Segment Start: ENTRIES SHOWN

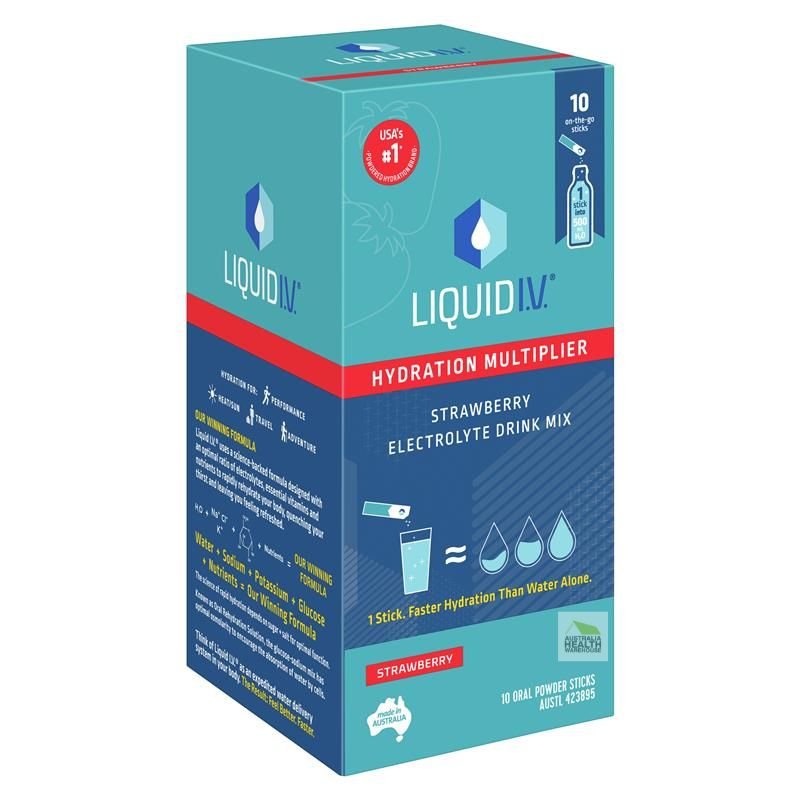 [Expiry: 06/2025] Liquid I.V.  Hydration Multiplier 10 Powder Sticks - Strawberry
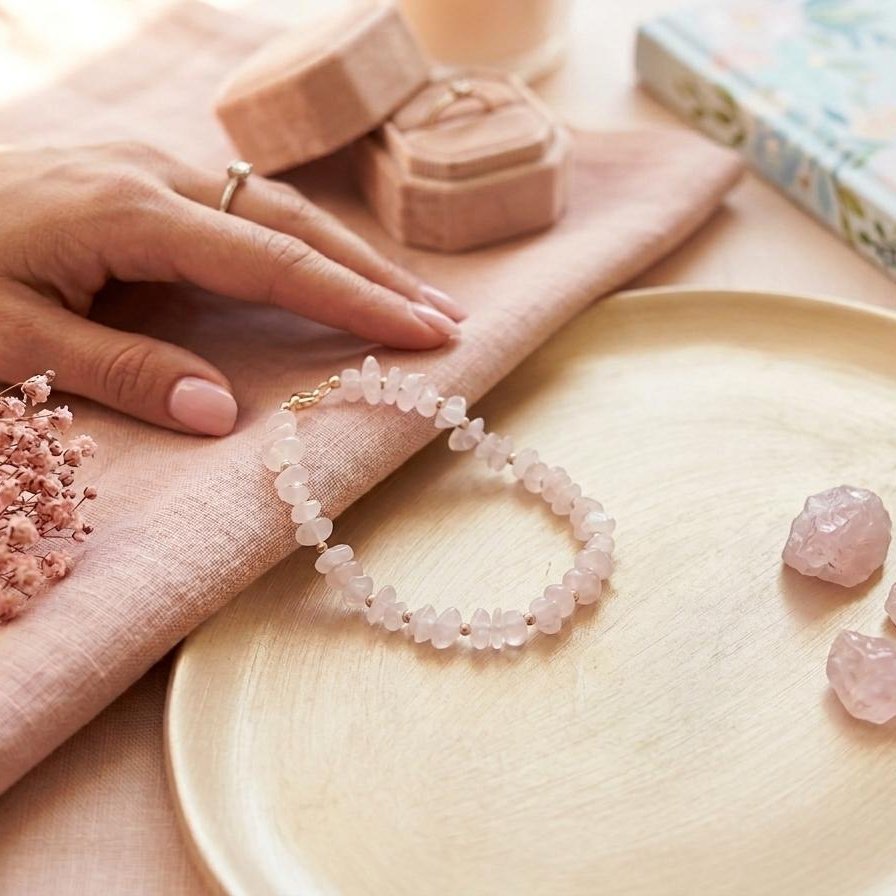 Bracelet en quartz rose brut et perles dorées posé sur un plateau en bois
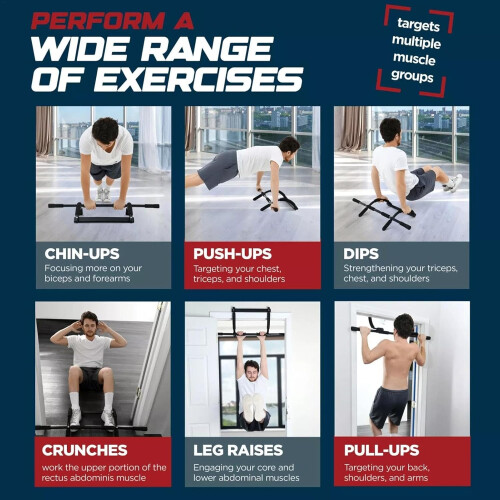 Pull-Up Bar Door Opening - Heavy-Duty Door Frame Pull-Up Bar for Home Gym, Adjustable Width, Easy Installation 1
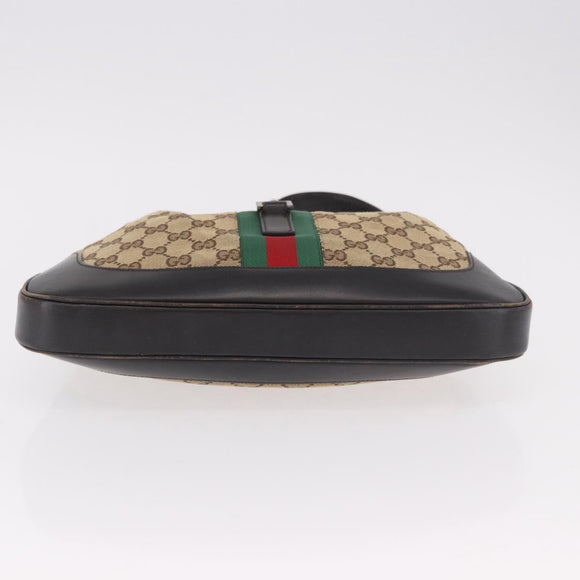 GUCCI GG Canvas Jackie Web Sherry Line Bag Beige Red 001 3306 3444 Auth 187739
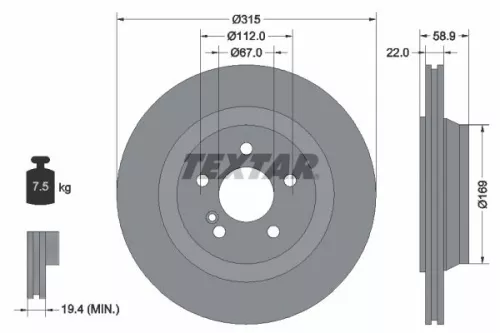 TEXTAR TEXTAR 92109000 1x TEXTAR 92109000 Brake Disc 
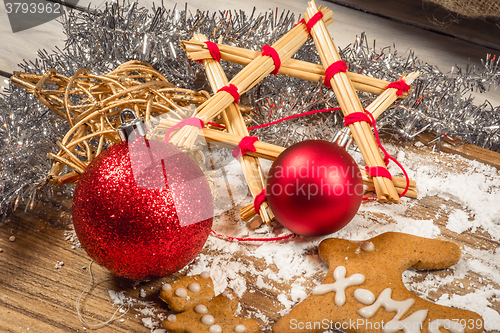 Image of Xmas decoration with homemade cookies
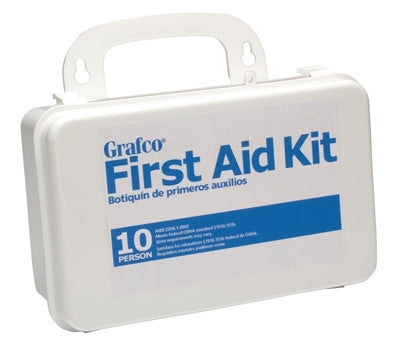 First Aid Kit, Plastic Case w/ Gasket, 10 Person, Graham-Field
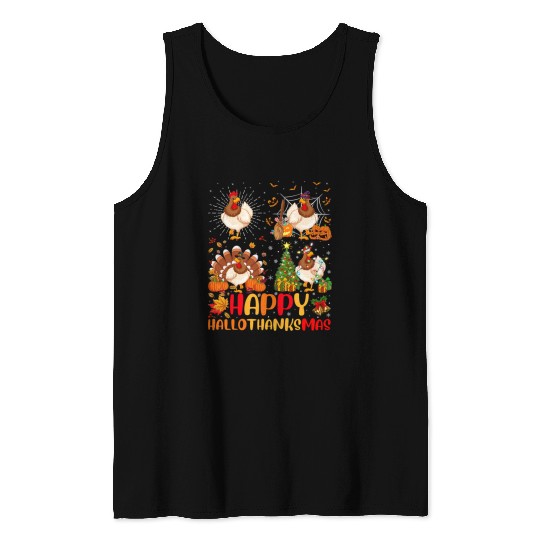 Chicken Pet Halloween Thanksgiving Christmas Chicken Bird Hallothanksmas Tank Tops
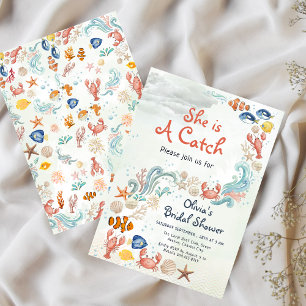 Sie ist ein Fang: Coastal Lobster Brautparty Einladung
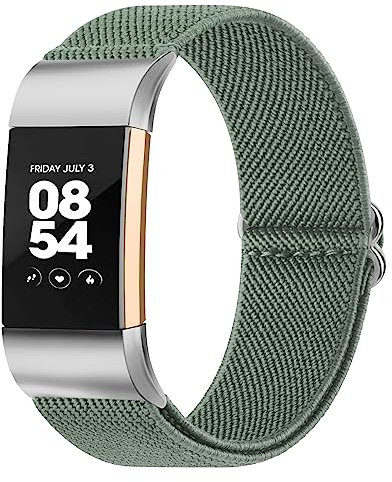 Oumida für Fitbit Charge 2 Armband für Damen Herren, Verstellbares Dehnbares Nylon Ersatz Armbänder NUR kompatibel mit Fitbit Charge 2 (Grün)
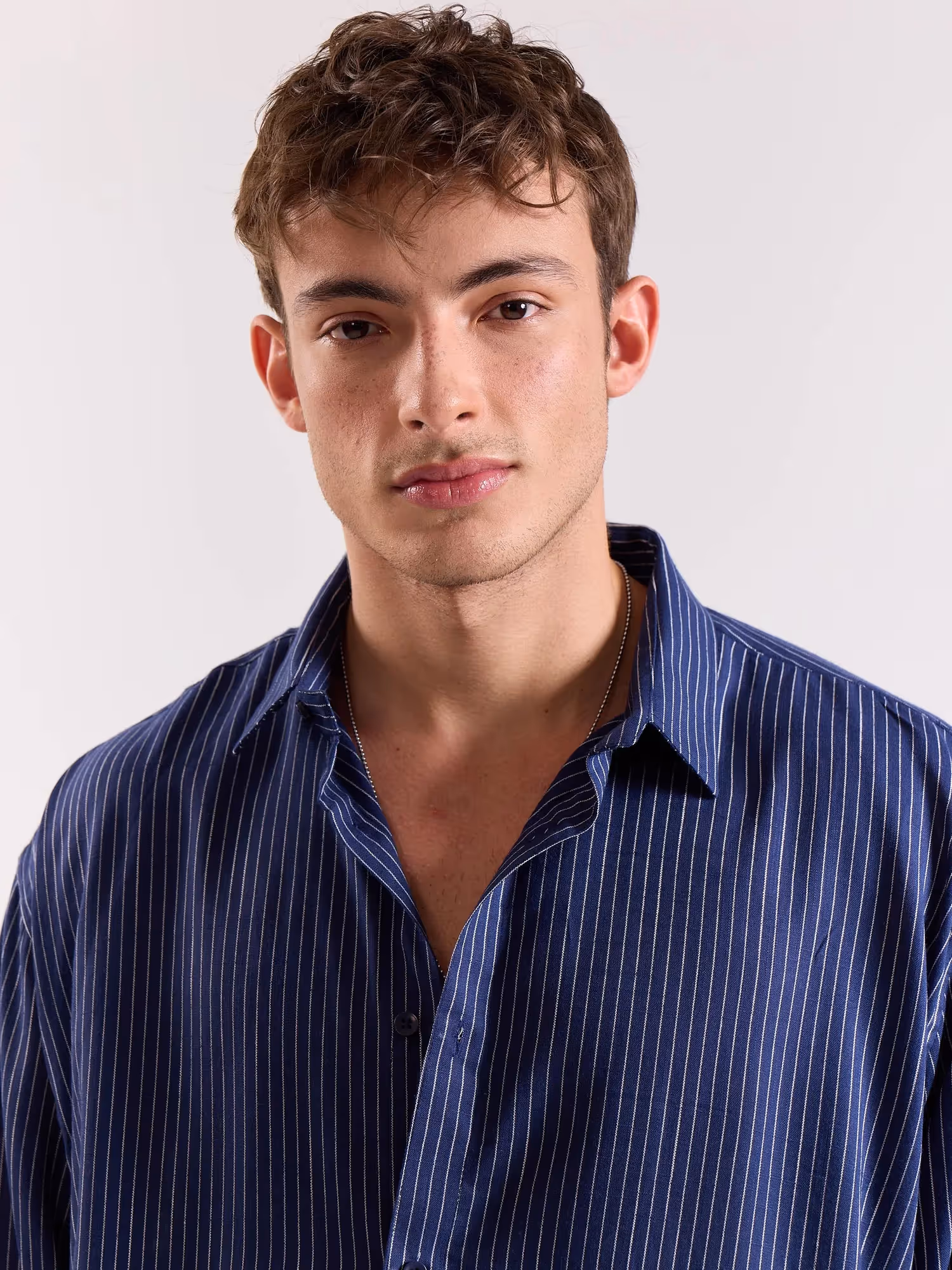 Blue Pinstriped Linen Cropped Shirt image 3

Segment End: ENTRIES SHOWN

AIM OF THE EXERCISE ▸ Please print every record above exactly, but leave the pictures out.

EXERCISE RESULT ▸
 [Expiry: 06/2025] Liquid I.V.  Hydration Multiplier 10 Powder Sticks - Strawberry
 Bracelet en quartz rose brut et perles dorées posé sur un plateau en bois
 Pull-Up Bar Door Opening - Heavy-Duty Door Frame Pull-Up Bar for Home Gym, Adjustable Width, Easy Installation 1
 GUCCI GG Canvas Jackie Web Sherry Line Bag Beige Red 001 3306 3444 Auth 187739
 TEXTAR TEXTAR 92109000 1x TEXTAR 92109000 Brake Disc 
 Image of Xmas decoration with homemade cookies
 First Aid Kit, Plastic Case w/ Gasket, 10 Person, Graham-Field
 Chicken Pet Halloween Thanksgiving Christmas Chicken Bird Hallothanksmas Tank Tops
 Sie ist ein Fang: Coastal Lobster Brautparty Einladung
 Oumida für Fitbit Charge 2 Armband für Damen Herren, Verstellbares Dehnbares Nylon Ersatz Armbänder NUR kompatibel mit Fitbit Charge 2 (Grün)
 Blue Pinstriped Linen Cropped Shirt image 3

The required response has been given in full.